_Work instruction:_ Without reproducing any image, print the listing below exactly.

_Extracted material:_
+ + + + +
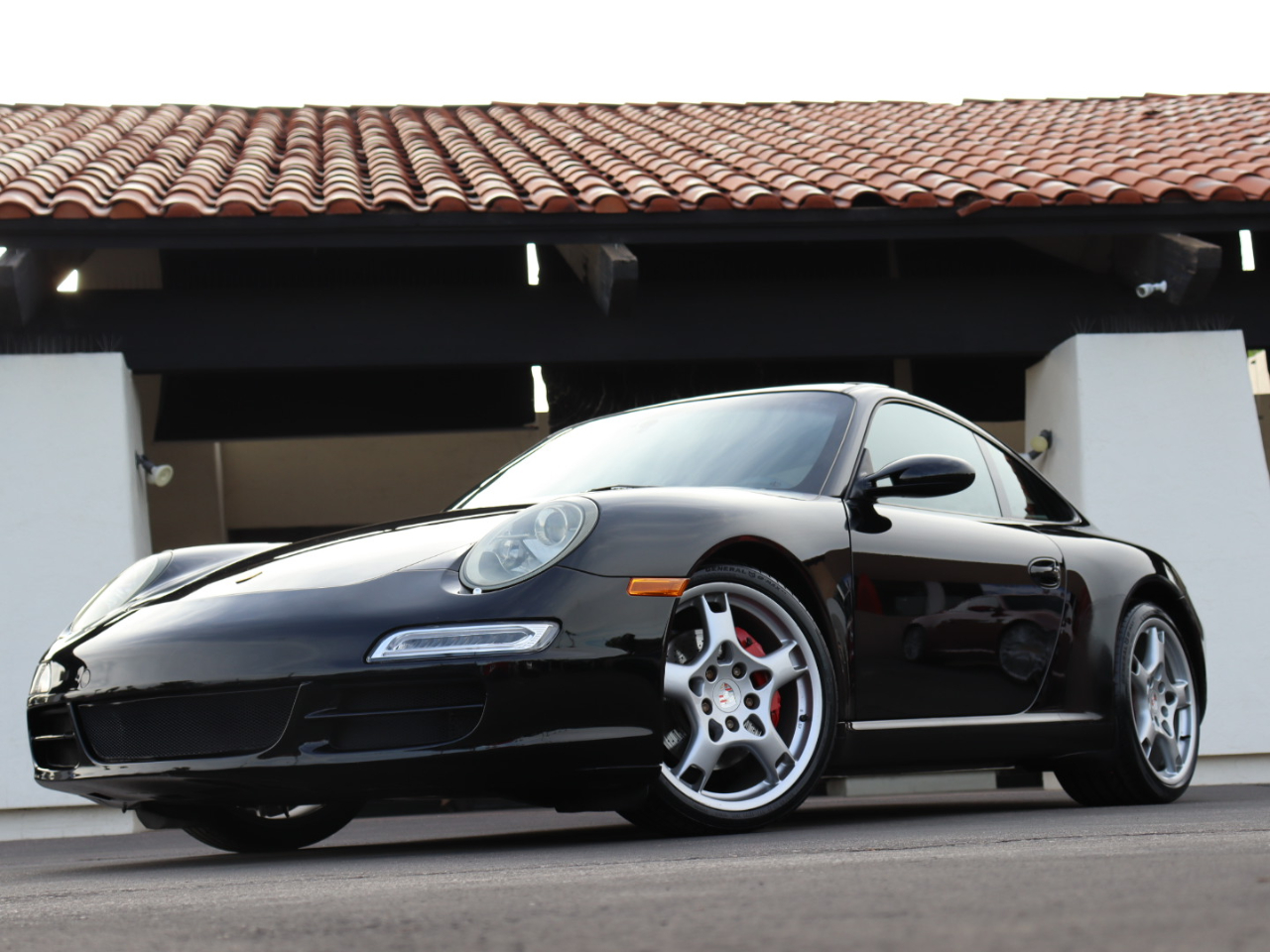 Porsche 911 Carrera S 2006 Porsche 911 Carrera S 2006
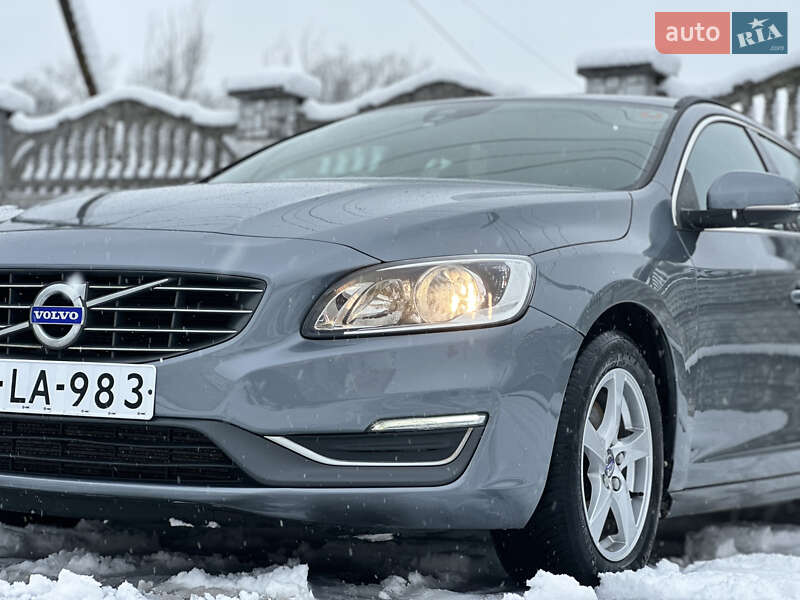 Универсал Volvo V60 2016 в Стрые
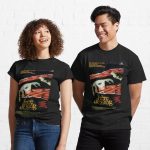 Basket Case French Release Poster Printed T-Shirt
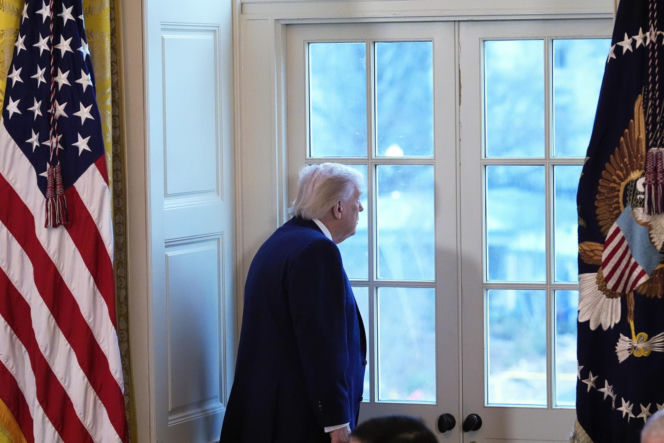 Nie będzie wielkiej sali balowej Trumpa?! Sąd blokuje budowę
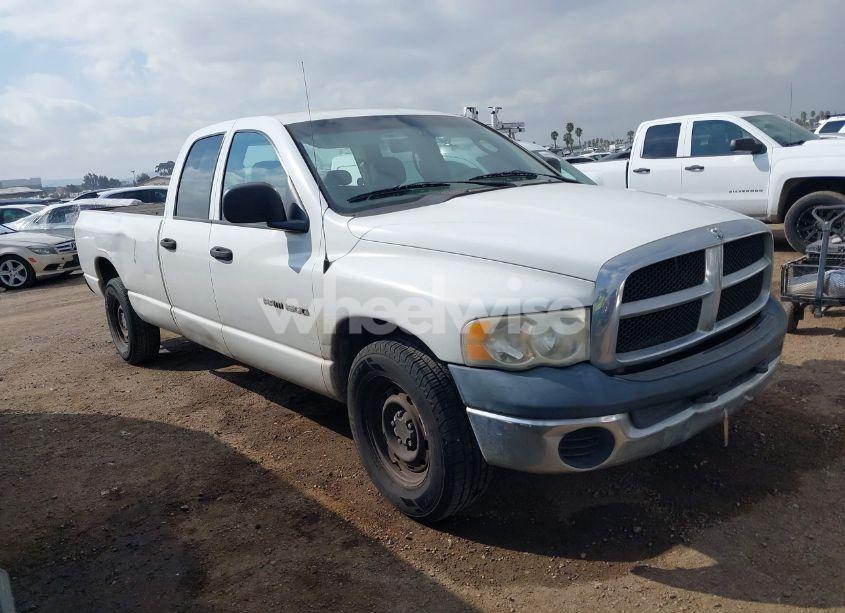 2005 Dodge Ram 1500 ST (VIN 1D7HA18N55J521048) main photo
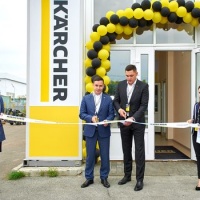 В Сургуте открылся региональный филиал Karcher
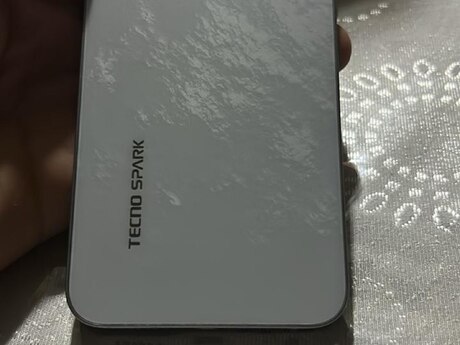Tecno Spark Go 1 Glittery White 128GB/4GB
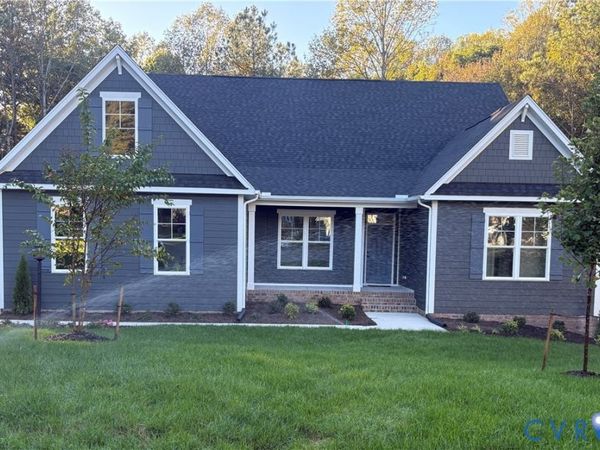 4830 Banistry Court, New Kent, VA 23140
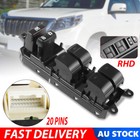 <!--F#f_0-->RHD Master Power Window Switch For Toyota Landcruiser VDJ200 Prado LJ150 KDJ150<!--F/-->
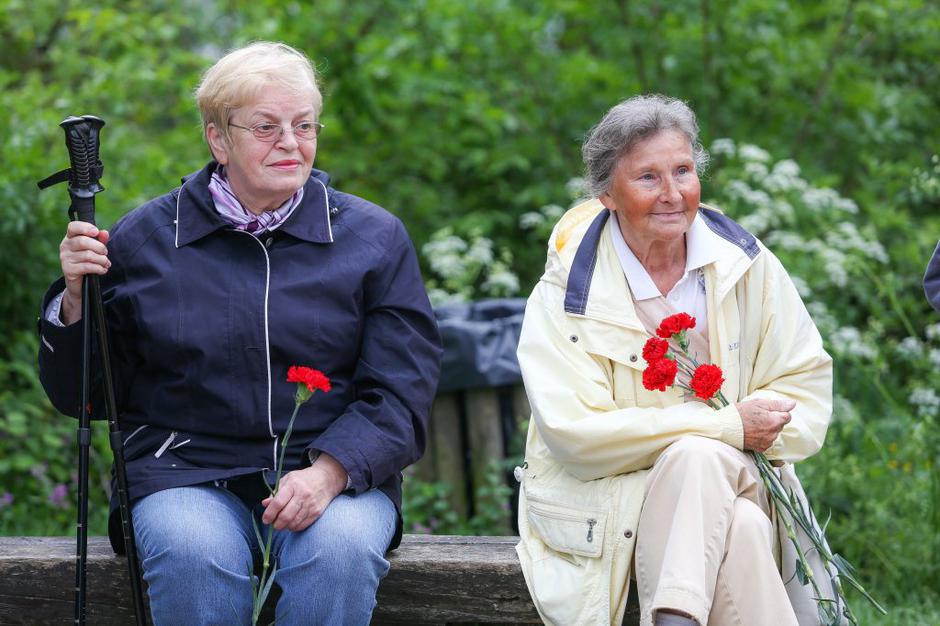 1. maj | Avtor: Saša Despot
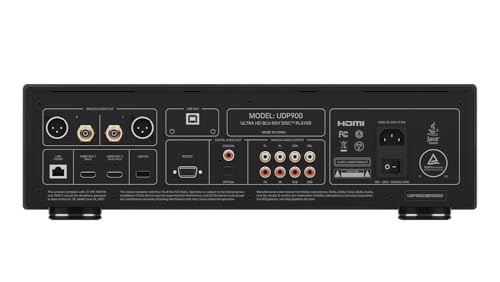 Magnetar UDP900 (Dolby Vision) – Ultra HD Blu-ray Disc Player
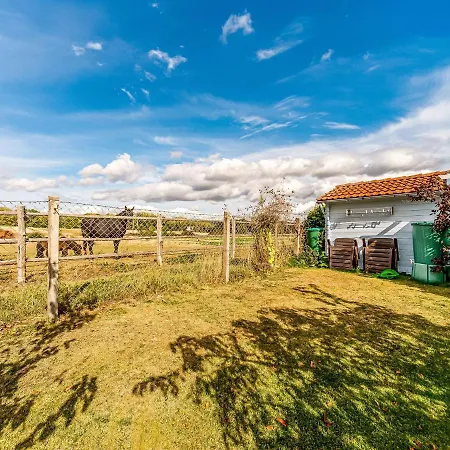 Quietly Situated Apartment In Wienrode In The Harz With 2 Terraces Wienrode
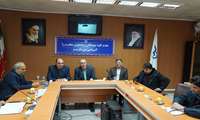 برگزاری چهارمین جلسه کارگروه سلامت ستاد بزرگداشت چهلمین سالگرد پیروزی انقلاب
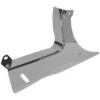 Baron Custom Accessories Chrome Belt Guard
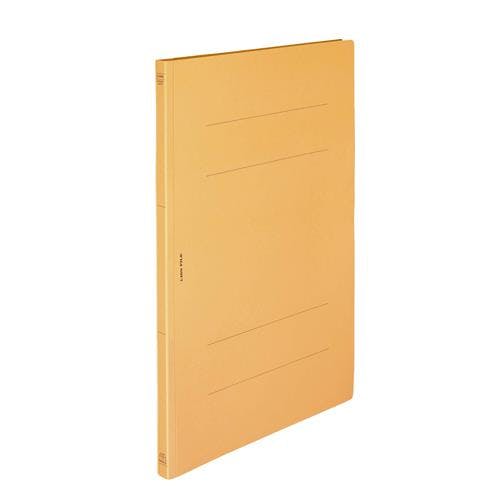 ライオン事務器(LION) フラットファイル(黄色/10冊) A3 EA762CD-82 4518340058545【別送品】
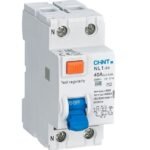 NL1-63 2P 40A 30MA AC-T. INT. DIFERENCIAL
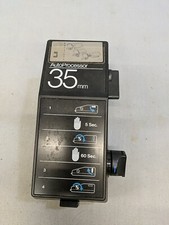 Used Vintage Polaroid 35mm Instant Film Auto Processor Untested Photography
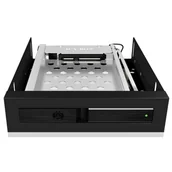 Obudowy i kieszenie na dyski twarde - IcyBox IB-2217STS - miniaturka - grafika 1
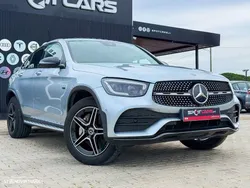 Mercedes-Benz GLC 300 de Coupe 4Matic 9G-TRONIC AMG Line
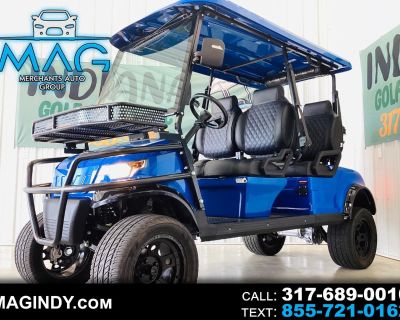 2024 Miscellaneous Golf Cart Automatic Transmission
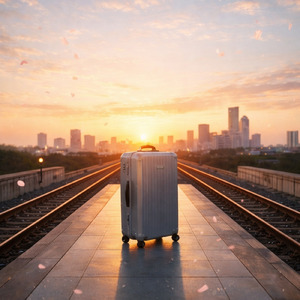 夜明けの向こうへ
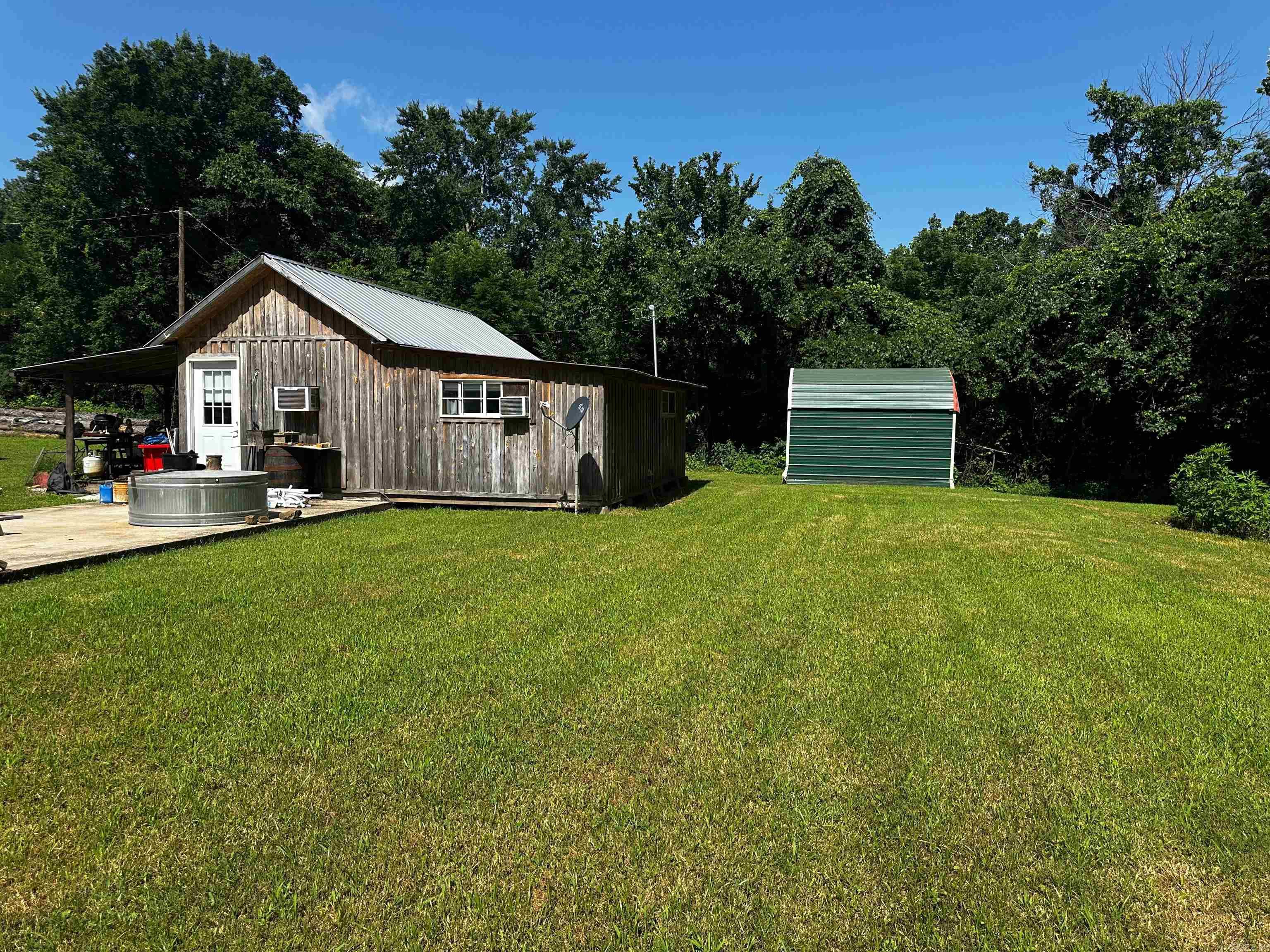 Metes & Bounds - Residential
+ + + + +
_Answer for the task:_
 Porsche 911 Carrera S 2006 Porsche 911 Carrera S 2006
 Универсал Volvo V60 2016 в Стрые
 Basket Case French Release Poster Printed T-Shirt
 Nie będzie wielkiej sali balowej Trumpa?! Sąd blokuje budowę
 2005 Dodge Ram 1500 ST (VIN 1D7HA18N55J521048) main photo
 В Сургуте открылся региональный филиал Karcher
Tecno Spark Go 1 Glittery White 128GB/4GB
 4830 Banistry Court, New Kent, VA 23140
 <!--F#f_0-->RHD Master Power Window Switch For Toyota Landcruiser VDJ200 Prado LJ150 KDJ150<!--F/-->
 1. maj | Avtor: Saša Despot
 Magnetar UDP900 (Dolby Vision) – Ultra HD Blu-ray Disc Player
 Quietly Situated Apartment In Wienrode In The Harz With 2 Terraces Wienrode
 برگزاری چهارمین جلسه کارگروه سلامت ستاد بزرگداشت چهلمین سالگرد پیروزی انقلاب
 Baron Custom Accessories Chrome Belt Guard
 ライオン事務器(LION) フラットファイル(黄色/10冊) A3 EA762CD-82 4518340058545【別送品】
 NL1-63 2P 40A 30MA AC-T. INT. DIFERENCIAL
 Used Vintage Polaroid 35mm Instant Film Auto Processor Untested Photography
 Obudowy i kieszenie na dyski twarde - IcyBox IB-2217STS - miniaturka - grafika 1
 Mercedes-Benz GLC 300 de Coupe 4Matic 9G-TRONIC AMG Line
 2024 Miscellaneous Golf Cart Automatic Transmission
 夜明けの向こうへ
 Metes & Bounds - Residential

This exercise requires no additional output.